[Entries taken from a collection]
■ ■ ■ ■ ■
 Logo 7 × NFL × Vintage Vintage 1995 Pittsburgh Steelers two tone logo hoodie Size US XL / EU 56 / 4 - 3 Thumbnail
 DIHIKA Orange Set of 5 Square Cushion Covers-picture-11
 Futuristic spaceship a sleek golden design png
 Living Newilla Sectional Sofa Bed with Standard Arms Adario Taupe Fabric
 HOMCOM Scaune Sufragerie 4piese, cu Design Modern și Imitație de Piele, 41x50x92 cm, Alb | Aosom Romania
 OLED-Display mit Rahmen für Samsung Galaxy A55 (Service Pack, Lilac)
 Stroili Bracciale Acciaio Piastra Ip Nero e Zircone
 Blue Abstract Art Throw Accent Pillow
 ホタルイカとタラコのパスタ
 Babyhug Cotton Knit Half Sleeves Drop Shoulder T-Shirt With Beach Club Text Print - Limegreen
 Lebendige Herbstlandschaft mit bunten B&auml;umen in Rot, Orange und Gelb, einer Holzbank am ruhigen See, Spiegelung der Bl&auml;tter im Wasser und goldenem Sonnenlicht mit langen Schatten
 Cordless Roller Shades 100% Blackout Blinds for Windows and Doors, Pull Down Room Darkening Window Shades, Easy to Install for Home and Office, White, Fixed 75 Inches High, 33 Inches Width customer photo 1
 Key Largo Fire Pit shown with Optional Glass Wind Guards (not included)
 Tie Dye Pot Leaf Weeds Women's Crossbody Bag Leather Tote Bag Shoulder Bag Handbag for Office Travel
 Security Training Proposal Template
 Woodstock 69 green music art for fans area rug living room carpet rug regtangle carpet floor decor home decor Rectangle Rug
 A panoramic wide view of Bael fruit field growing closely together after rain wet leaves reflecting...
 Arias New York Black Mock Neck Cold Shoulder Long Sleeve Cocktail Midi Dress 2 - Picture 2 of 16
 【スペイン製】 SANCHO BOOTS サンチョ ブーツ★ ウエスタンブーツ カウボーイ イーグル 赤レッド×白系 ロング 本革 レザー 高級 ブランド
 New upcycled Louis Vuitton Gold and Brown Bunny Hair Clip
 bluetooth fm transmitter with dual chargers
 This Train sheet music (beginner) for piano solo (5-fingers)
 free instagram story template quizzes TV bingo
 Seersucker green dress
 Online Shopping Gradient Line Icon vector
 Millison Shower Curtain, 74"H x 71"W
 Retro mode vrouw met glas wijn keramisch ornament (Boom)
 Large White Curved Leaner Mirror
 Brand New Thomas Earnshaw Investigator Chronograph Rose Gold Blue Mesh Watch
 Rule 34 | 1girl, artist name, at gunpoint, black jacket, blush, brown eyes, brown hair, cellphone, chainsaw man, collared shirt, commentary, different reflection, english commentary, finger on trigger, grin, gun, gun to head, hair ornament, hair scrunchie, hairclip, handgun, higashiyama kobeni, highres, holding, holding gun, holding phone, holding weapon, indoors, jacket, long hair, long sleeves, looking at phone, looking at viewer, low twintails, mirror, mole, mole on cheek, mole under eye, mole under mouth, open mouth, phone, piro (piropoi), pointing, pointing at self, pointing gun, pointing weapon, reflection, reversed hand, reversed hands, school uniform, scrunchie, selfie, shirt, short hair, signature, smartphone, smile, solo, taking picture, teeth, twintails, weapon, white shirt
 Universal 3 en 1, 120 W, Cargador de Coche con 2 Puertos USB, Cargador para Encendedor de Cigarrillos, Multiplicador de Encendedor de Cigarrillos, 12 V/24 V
■ ■ ■ ■ ■
● Instructions for the task: Print again the lines of the entries above that fall between the line holding "Lebendige Herbstlandschaft mit" and the line holding "Cordless Roller Shades", inclusive, exactly as they stand.

● Expected answer:
 Lebendige Herbstlandschaft mit bunten B&auml;umen in Rot, Orange und Gelb, einer Holzbank am ruhigen See, Spiegelung der Bl&auml;tter im Wasser und goldenem Sonnenlicht mit langen Schatten
 Cordless Roller Shades 100% Blackout Blinds for Windows and Doors, Pull Down Room Darkening Window Shades, Easy to Install for Home and Office, White, Fixed 75 Inches High, 33 Inches Width customer photo 1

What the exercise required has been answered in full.